2) Tra le opere sofoclee a noi pervenute, l’Elettra è, indiscutibilmente, una delle più antifemministe. E di questo antifemminismo becero si fa portavoce soprattutto la protagonista, Elettra, con la sua svalutazione del ruolo materno, il suo disprezzo per Crisotemi, che preferisce essere chiamata “figlia di sua madre”, la sua accettazione della subordinazione femminile, la sua giustificazione del barbaro assassinio della sorella … Espressione della cultura e della mentalità dell’Atene classica, naturalmente. Non “colpe” da addebitare alla protagonista. Ma le sue parole, i suoi atteggiamenti “politicamente scorretti” non sembrano i più idonei ad attirarle le simpatie di un pubblico moderno e – a volte- poco “acculturato”. E allora la soluzione più sbrigativa, più semplice, è quella di “tagliare” tutte le battute contro le donne, allo scopo di ottenere un facile consenso. La tragedia ne risulta snaturata. Elettra viene ridotta a un’icona vivente del dolore, ma non dell’odio.

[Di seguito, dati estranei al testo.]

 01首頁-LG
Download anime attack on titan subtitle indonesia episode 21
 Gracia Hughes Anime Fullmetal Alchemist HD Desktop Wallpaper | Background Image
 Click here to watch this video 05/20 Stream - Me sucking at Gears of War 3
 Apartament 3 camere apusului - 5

Quando Oreste colpisce a morte la madre, l’Elettra di Sofocle grida, spietata: “Colpisci due volte!”. Quella di Lavia tace, e aspetta in silenzio l’esito dell’azione. Per i tragici – per tutti e tre – il teatro è rappresentazione fedele della realtà , senza censure né attenuazioni dei suoi aspetti più ostici e duri. Anzi esso è il luogo privilegiato della riflessione critica, della rimessa in discussione del passato e del presente. Il maschilismo dominante è in sostanza condiviso, o almeno accettato da loro. Ma tuttavia costituisce un problema, che a volte genera mostri. E la tragedia greca non manca di evidenziarli. Per Lavia, invece, il teatro è essenzialmente spettacolo, finalizzato a un facile successo.

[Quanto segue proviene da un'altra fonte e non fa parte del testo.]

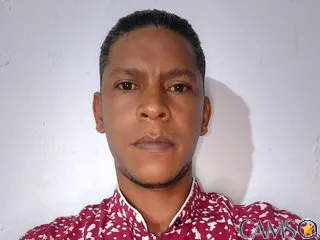 MARCOOMEYER’s Streamate Profile Image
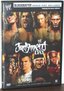 WWE Judgment Day 2007: BLOCKBUSTER 2-Disc Exclusive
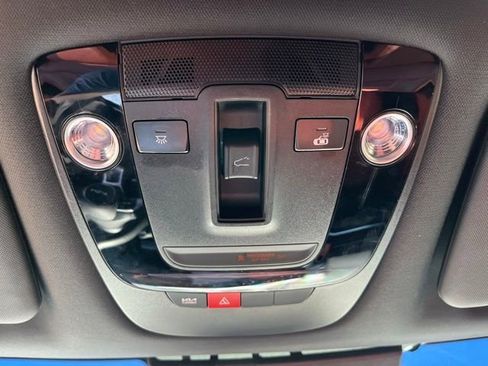 Used 2024 Kia Sportage SX FWD image 25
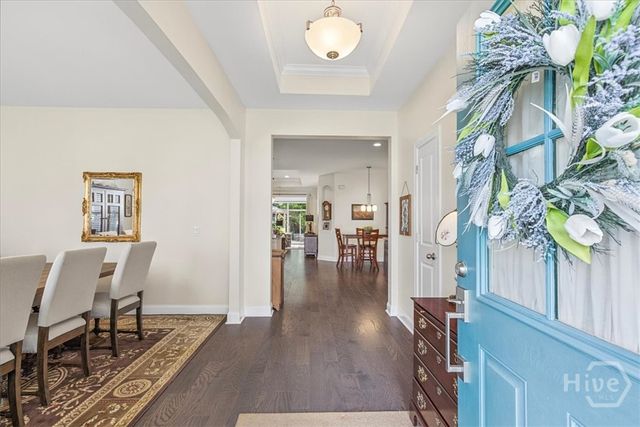 174 Martello Road, Pooler, GA 31322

Il che significa essere distanti dal teatro classico milioni di anni luce.
3) Coerentemente con questa impostazione, il regista (o qualche suo discutibile consulente) ha deciso di “correggere” Sofocle, modificando e ampliando, con una frase banalmente moraleggiante, i versi conclusivi del coro. Il cui senso, a mio parere, è molto più problematico di quanto si faccia abitualmente apparire: “O stirpe di Atreo, dopo avere molto sofferto nella tua ricerca di una liberazione (διά + il genitivo non indica un punto di arrivo, cioè, scolasticamente, un moto a luogo, bensì un moto per luogo, un percorso) a fatica, grazie a una simile impresa sei pervenuto, giunto a maturità”. Ma quella che ai figli di Agamennone sembra la “liberazione” è veramente tale? Si tratta davvero della fine delle travagliate vicende della “maledetta” casata degli Atridi? E il coro – espressione della polis democratica- è davvero consenziente con “l’impresa” di Oreste e di Elettra? Certo, essa rappresenta il culmine, lo sbocco naturale di una interminabile catena di delitti “contro natura” per i quali i cittadini di Atene non possono provare che orrore.